> _Task requirements_:
Print, word for word, the opening line of the data below and every line after it through the line that contains "Jet Black Mica", but not the pictures.
Segment Start: Given data
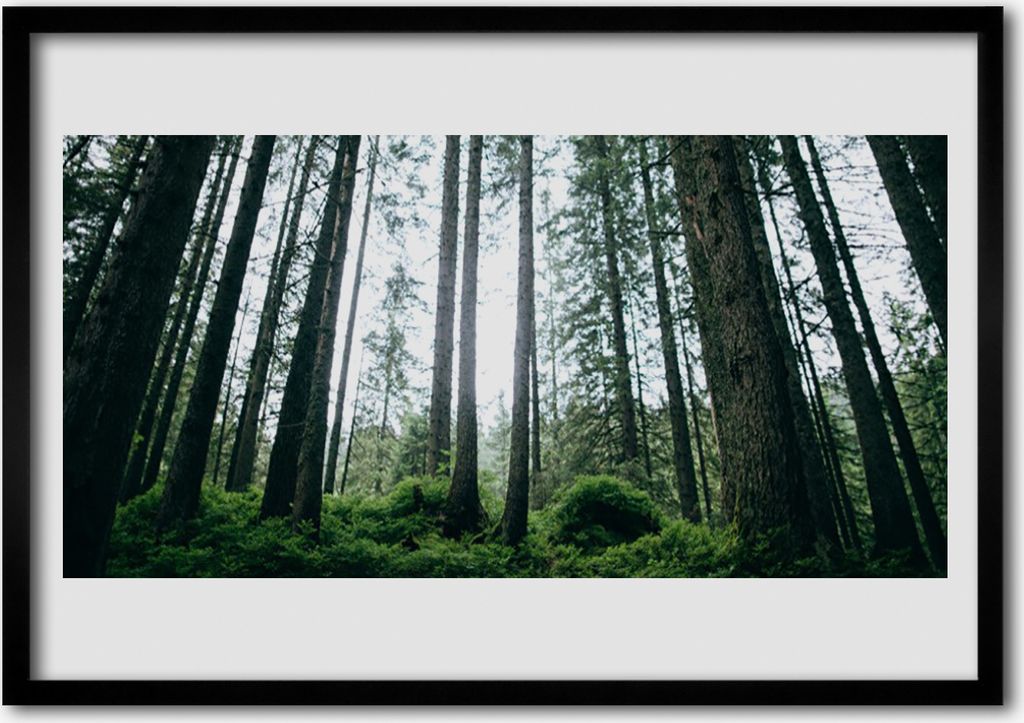 Bild 70x50 MDF-Rahmen Wandkunst Natur Wald Bäume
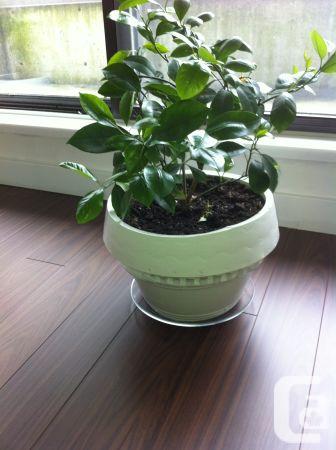 recycled-tire-plant-pot-orange-tree-20-near-lougheed-mall_8007606.jpg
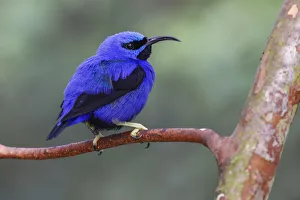 Yellow-legged honeycreeper, native to South America Yellow-legged honeycreeper, native to South America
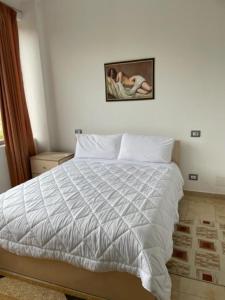 a bedroom with a white bed with a picture on the wall at "Frogs House" Hotel & Restorant Slow Food in Lushnjë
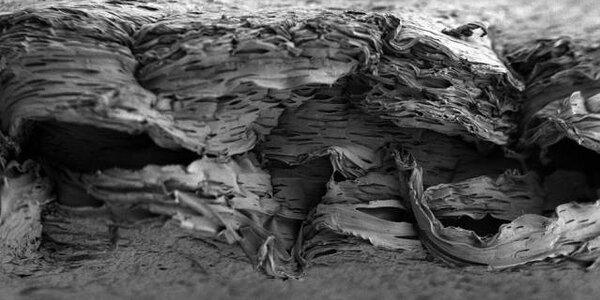 Article teaser image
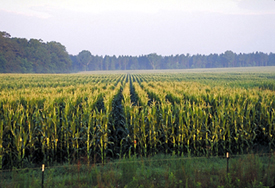 Photo of a corn field - Click to enlarge
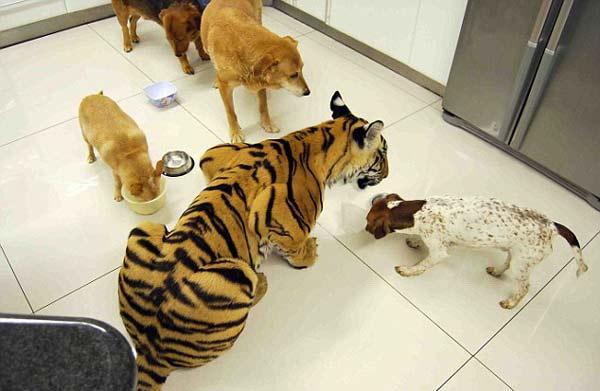 ΔΕΙΤΕ: Μοιράζονται το σπίτι τους με μια τίγρη της Βεγγάλης! - Φωτογραφία 7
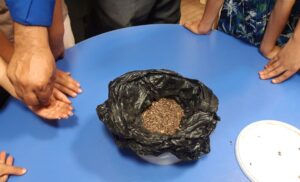 photo 2025 11 12 11 10 01 روییدن امید در دل کودکان با کارگاه کتاب‌خوانی «باغ بیدار» در دارالاکرام خمین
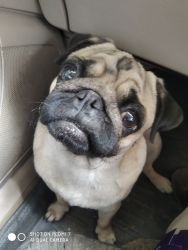 I want to sell pug female she is 2.5 years old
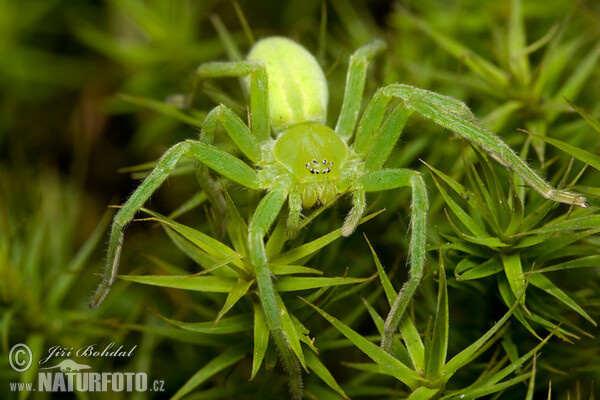 Maloočka smaragdová (Micrommata virescens)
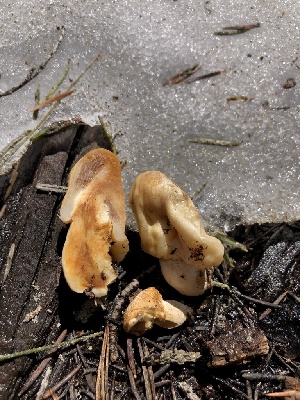  ( - HAY-F-006104)  @11 [ ] by-nc (2023) Dean Lyons Fungal Diversity Survey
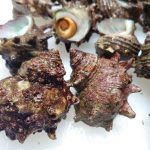 shellfish_02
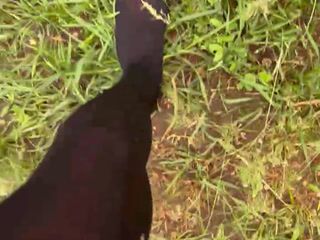 Walk in stockings on wet grass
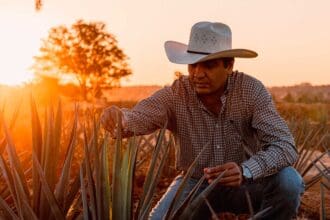 Livin’ The Land: el trabajo en el campo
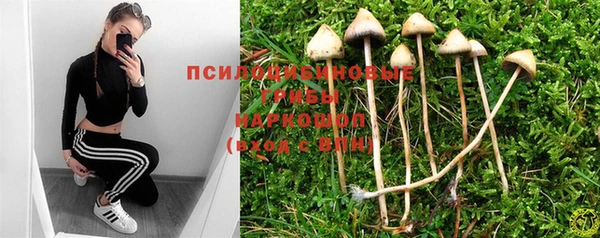 индика Осинники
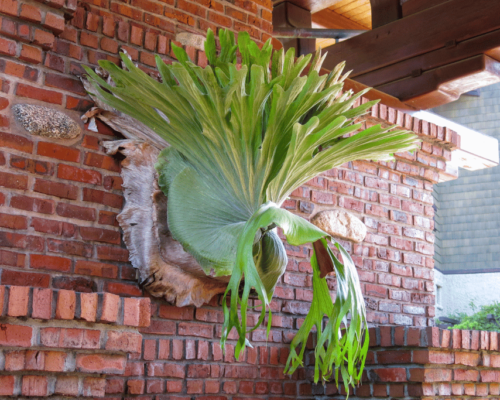 how to save a dying staghorn fern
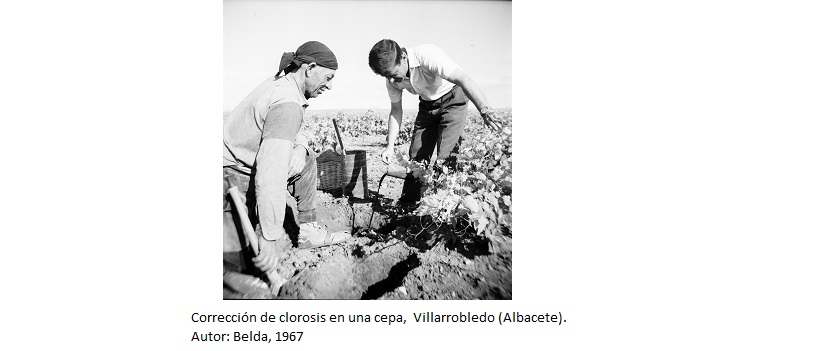 Corrección de clorosis en una cepa,  Villarrobledo (Albacete). Autor: Belda, 1967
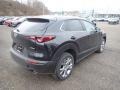 Jet Black Mica - CX-30 Preferred AWD Photo No. 2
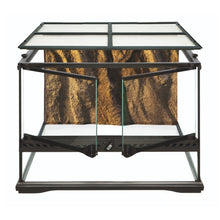 Exoterra Terrario in Vetro per Rettili Tartarughe 45x45x30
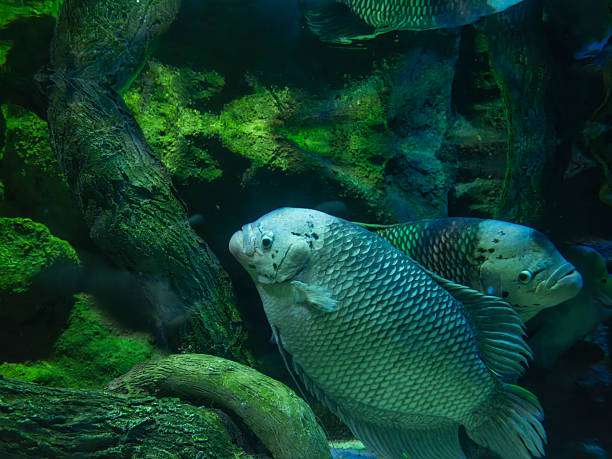 Colorful tropical fish swimming gracefully in a clear aquarium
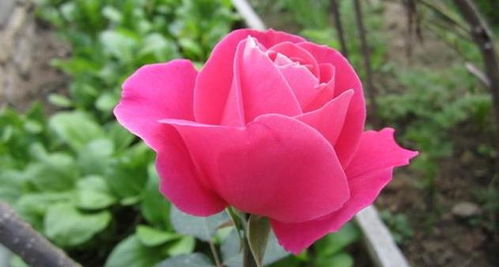 一、 月季花的施肥之道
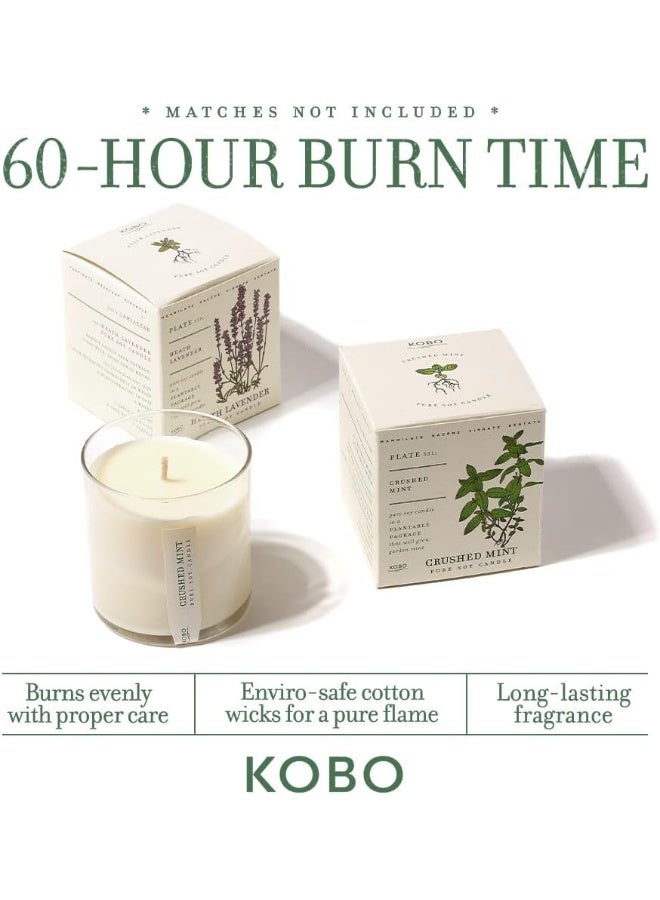 KOBO Red Poppy Scented Candle with Plantable Box 9 oz Plant The Box Collection 100 Pure Soy Wax Candles HandPoured in USA Long Lasting 60 Hour Burning Candles Scented Candles for Home - Image 2
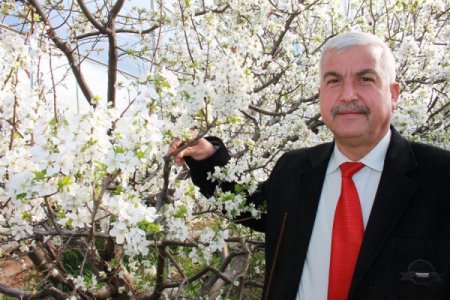 25 gün sonra Silifke can eriği sofralarda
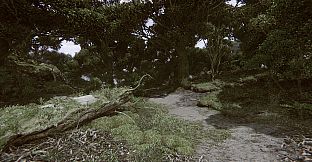 Remote Knights Online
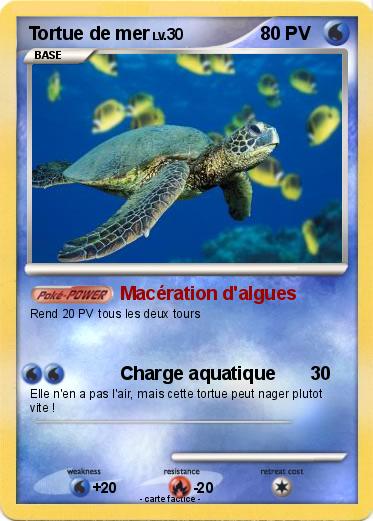 Pokemon Tortue de mer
Segment End: Given data
> _Answer below_:
 Bild 70x50 MDF-Rahmen Wandkunst Natur Wald Bäume
 recycled-tire-plant-pot-orange-tree-20-near-lougheed-mall_8007606.jpg
 Yellow-legged honeycreeper, native to South America Yellow-legged honeycreeper, native to South America
 a bedroom with a white bed with a picture on the wall at "Frogs House" Hotel & Restorant Slow Food in Lushnjë
 Article teaser image
 Photo of a corn field - Click to enlarge
 ΔΕΙΤΕ: Μοιράζονται το σπίτι τους με μια τίγρη της Βεγγάλης! - Φωτογραφία 7
 photo 2025 11 12 11 10 01 روییدن امید در دل کودکان با کارگاه کتاب‌خوانی «باغ بیدار» در دارالاکرام خمین
 I want to sell pug female she is 2.5 years old
 Maloočka smaragdová (Micrommata virescens)
  ( - HAY-F-006104)  @11 [ ] by-nc (2023) Dean Lyons Fungal Diversity Survey
 shellfish_02
 Walk in stockings on wet grass
 Livin’ The Land: el trabajo en el campo
 индика Осинники
 how to save a dying staghorn fern
 Corrección de clorosis en una cepa,  Villarrobledo (Albacete). Autor: Belda, 1967
 Jet Black Mica - CX-30 Preferred AWD Photo No. 2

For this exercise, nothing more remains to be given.